What you need to do :: All records must be restated word for word.

Supplied material ::
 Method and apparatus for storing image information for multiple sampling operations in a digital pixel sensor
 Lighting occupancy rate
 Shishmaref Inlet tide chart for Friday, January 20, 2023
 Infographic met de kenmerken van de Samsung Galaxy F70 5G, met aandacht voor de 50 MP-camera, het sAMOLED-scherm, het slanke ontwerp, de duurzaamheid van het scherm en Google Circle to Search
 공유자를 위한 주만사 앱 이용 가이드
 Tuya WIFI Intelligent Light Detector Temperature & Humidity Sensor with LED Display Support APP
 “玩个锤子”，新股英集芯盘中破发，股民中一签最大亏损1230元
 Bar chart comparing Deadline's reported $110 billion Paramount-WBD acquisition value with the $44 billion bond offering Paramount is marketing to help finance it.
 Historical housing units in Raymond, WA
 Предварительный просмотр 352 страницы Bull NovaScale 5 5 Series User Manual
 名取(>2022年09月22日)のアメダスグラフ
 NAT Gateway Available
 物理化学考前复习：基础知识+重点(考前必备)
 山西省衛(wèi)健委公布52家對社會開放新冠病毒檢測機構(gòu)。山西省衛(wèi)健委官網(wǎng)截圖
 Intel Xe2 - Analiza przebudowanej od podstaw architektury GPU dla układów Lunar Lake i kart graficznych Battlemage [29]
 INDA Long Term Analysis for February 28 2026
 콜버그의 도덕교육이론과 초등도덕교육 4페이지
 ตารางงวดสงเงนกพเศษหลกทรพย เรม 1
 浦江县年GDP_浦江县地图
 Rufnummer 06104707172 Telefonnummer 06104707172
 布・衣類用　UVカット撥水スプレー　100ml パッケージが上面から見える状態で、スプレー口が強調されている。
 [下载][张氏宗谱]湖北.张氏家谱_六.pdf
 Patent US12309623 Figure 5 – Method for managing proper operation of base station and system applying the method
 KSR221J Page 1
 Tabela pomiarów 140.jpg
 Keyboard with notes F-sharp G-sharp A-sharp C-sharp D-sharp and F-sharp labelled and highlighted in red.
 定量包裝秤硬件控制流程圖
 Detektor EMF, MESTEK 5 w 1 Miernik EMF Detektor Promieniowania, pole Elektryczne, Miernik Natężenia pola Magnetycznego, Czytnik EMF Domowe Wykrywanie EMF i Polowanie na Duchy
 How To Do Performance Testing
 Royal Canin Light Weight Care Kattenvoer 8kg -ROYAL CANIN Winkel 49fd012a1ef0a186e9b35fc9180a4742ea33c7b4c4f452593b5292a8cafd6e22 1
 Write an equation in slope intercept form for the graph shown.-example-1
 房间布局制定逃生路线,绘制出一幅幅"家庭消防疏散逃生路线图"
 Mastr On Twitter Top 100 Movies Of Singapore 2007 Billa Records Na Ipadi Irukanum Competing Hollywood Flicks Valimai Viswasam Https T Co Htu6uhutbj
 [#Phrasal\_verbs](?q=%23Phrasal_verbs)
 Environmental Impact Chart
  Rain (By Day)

Task solution ::
 Method and apparatus for storing image information for multiple sampling operations in a digital pixel sensor
 Lighting occupancy rate
 Shishmaref Inlet tide chart for Friday, January 20, 2023
 Infographic met de kenmerken van de Samsung Galaxy F70 5G, met aandacht voor de 50 MP-camera, het sAMOLED-scherm, het slanke ontwerp, de duurzaamheid van het scherm en Google Circle to Search
 공유자를 위한 주만사 앱 이용 가이드
 Tuya WIFI Intelligent Light Detector Temperature & Humidity Sensor with LED Display Support APP
 “玩个锤子”，新股英集芯盘中破发，股民中一签最大亏损1230元
 Bar chart comparing Deadline's reported $110 billion Paramount-WBD acquisition value with the $44 billion bond offering Paramount is marketing to help finance it.
 Historical housing units in Raymond, WA
 Предварительный просмотр 352 страницы Bull NovaScale 5 5 Series User Manual
 名取(>2022年09月22日)のアメダスグラフ
 NAT Gateway Available
 物理化学考前复习：基础知识+重点(考前必备)
 山西省衛(wèi)健委公布52家對社會開放新冠病毒檢測機構(gòu)。山西省衛(wèi)健委官網(wǎng)截圖
 Intel Xe2 - Analiza przebudowanej od podstaw architektury GPU dla układów Lunar Lake i kart graficznych Battlemage [29]
 INDA Long Term Analysis for February 28 2026
 콜버그의 도덕교육이론과 초등도덕교육 4페이지
 ตารางงวดสงเงนกพเศษหลกทรพย เรม 1
 浦江县年GDP_浦江县地图
 Rufnummer 06104707172 Telefonnummer 06104707172
 布・衣類用　UVカット撥水スプレー　100ml パッケージが上面から見える状態で、スプレー口が強調されている。
 [下载][张氏宗谱]湖北.张氏家谱_六.pdf
 Patent US12309623 Figure 5 – Method for managing proper operation of base station and system applying the method
 KSR221J Page 1
 Tabela pomiarów 140.jpg
 Keyboard with notes F-sharp G-sharp A-sharp C-sharp D-sharp and F-sharp labelled and highlighted in red.
 定量包裝秤硬件控制流程圖
 Detektor EMF, MESTEK 5 w 1 Miernik EMF Detektor Promieniowania, pole Elektryczne, Miernik Natężenia pola Magnetycznego, Czytnik EMF Domowe Wykrywanie EMF i Polowanie na Duchy
 How To Do Performance Testing
 Royal Canin Light Weight Care Kattenvoer 8kg -ROYAL CANIN Winkel 49fd012a1ef0a186e9b35fc9180a4742ea33c7b4c4f452593b5292a8cafd6e22 1
 Write an equation in slope intercept form for the graph shown.-example-1
 房间布局制定逃生路线,绘制出一幅幅"家庭消防疏散逃生路线图"
 Mastr On Twitter Top 100 Movies Of Singapore 2007 Billa Records Na Ipadi Irukanum Competing Hollywood Flicks Valimai Viswasam Https T Co Htu6uhutbj
 [#Phrasal\_verbs](?q=%23Phrasal_verbs)
 Environmental Impact Chart
  Rain (By Day)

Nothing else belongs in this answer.